Foto: picture-alliance/NurPhoto/D. Roszandi
Pembubaran Hizbut Tahrir Indonesia
Organisasi Islam radikal, Hizbut Tahrir Indonesia (HTI), menjadi sasaran pertama Perppu Ormas yang dikeluarkan Presiden Joko Widodo untuk membubarkan organisasi yang dianggap merongrong Pancasila. Namun HTI tidak tinggal diam dan melancarkan perlawanan hukum untuk menghadang niat Jokowi tersebut.

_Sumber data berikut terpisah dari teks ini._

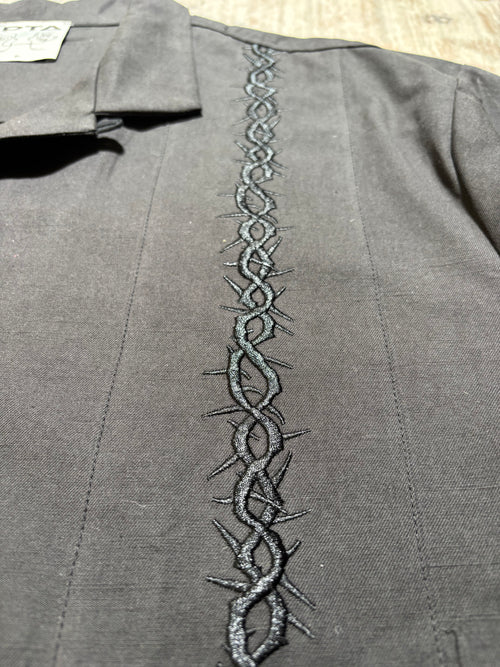 'MELBOURNE' DINNER SHIRT - BLACK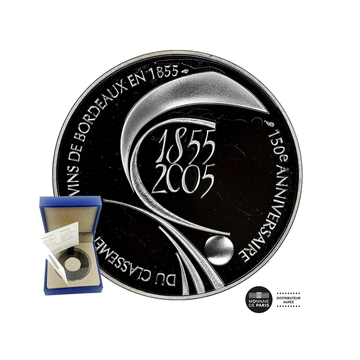 150è Anniversaire du classement des Vins de Bordeaux - Monnaie de 1,5€ Argent - BE 2005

Foto: Getty Images/AFP/A. Berry
Rizieq Shihab Melarikan Diri
Pentolan Front Pembela Islam, Rizieq Syihab terbang ke Arab Saudi setelah mampir ke Malaysia seusai umrah. Ia diduga melarikan diri untuk menghindari penjemputan paksa Polisi yang mengajukan red notice ke Interpol. Menurut kuasa hukum Rizieq, Sugito Atmo Pawiro, Arab Saudi dipilih karena berada di luar ranah Interpol sehingga kliennya bisa terhindar dari penangkapan.

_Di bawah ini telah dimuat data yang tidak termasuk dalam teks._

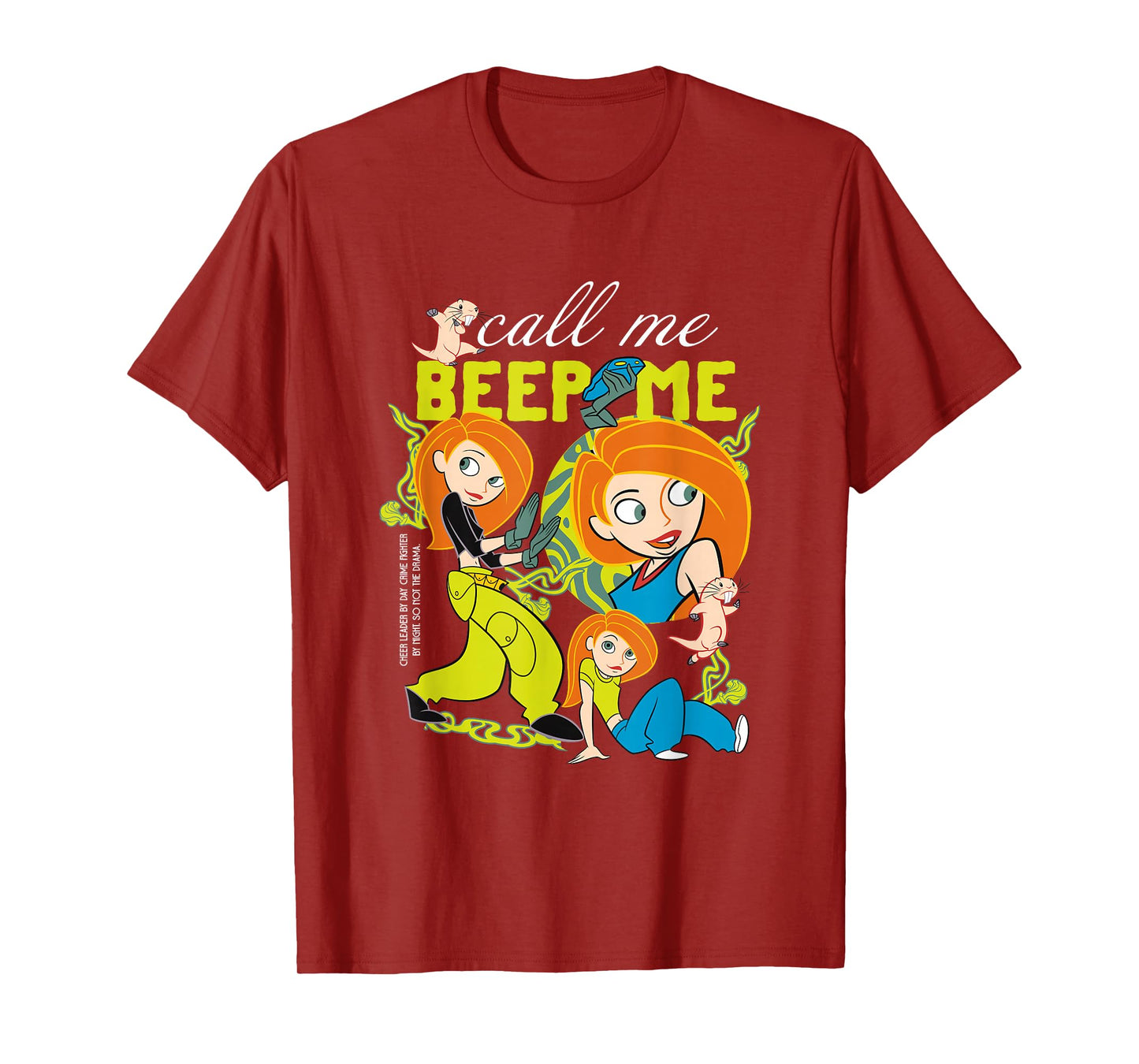 Disney Kim Possible Retro Y2k Style T-Shirt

Foto: picture-alliance/dpa/B. Indahono
Raib Duit First Travel
Kasus dugaan penggelapan uang sekitar 60.000 calon jamaah umrah dan haji First Travel menjadi salah satu peristiwa yang paling hangat selama 2017. Anniesa Hasibuan, perancang yang pernah tampil di New York Fashion Week, dituding menggelapkan dana jemaah senilai 550 milyar Rupiah. Hingga kini kedua tersangka, Annisa dan suaminya Andika Surachman mengaku tidak mengetahui kemana raibnya uang tersebut
Foto: Imago/Pacific Press Agency
Kunjungan Raja Salman
Jarang Indonesia mengalami kunjungan kenegaraan yang sedemikian mewah seperti saat Raja Salman bertandang ke Jakarta. Kunjungannya tersebut merupakan lawatan pertama kepala negara Arab Saudi selama hampir 50 tahun. Raja Salman tidak hanya melakukan pertemuan resmi dengan Presiden Joko Widodo, tetapi juga menikmati liburan selama lima hari di pulau Bali.

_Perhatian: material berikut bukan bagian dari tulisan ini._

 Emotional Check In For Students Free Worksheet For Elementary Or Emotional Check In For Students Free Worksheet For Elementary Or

Foto: Getty Images/AFP/B. Ismoyo
Pelantikan Gubernur DKI Jakarta
Setelah berhasil merebut kursi DKI 1 lewat Pilkada yang ditandai dengan maraknya intoleransi dan ujaran kebencian, pasangan Anies Baswedan dan Sandiaga Uno dilantik di Istana Negara pada 16 Oktober 2017. Pelantikan sempat ditandai kontroversi seputar pidato pribumi Anies Baswedan yang dinilai bernuansa SARA.
Foto: Reuters/Beawiharta
Drama Setya Novanto
Komisi Pemberantasan Korupsi akhirnya menangkap Ketua DPR Setya Novanto atas dugaan korupsi proyek eKTP. Ia sebelumnya sempat dirawat di rumah sakit setelah mengalami tabrakan. Namun tim dokter menyatakan Setnov sehat dan bisa menjalani proses pengadilan.
Foto: picture-alliance/AP Photo
Wara Wiri Gatot Nurmantyo
Manuver politik Panglima TNI Gatot Nurmantyo seputar pembantaian 1965 dan kedekatannya dengan kelompok Islam konservatif kian menyudutkan Presiden Joko Widodo. Ia ditengarai memiliki ambisi dalam Pemilu Kepresidenan 2019. Pada Desember Jokowi mencopot Gatot lebih dini dan menggantinya dengan Marsekal Hadi Tjahjanto.
Foto: Reuters/Beawiharta
Erupsi Gunung Agung
Setelah sempat bergolak selama berpekan-pekan, Gunung Agung akhirnya meletus dan memaksa 100.000 penduduk mengungsi dari tempat tinggalnya. Akibat erupsi tersebut, geliat pariwisata Bali menyusut tajam. Terutama penutupan bandar udara I Gusti Ngurah Rai membuat sektor pariwisata di pulau dewata itu mengalami kerugian hingga 234 milyar Rupiah per hari.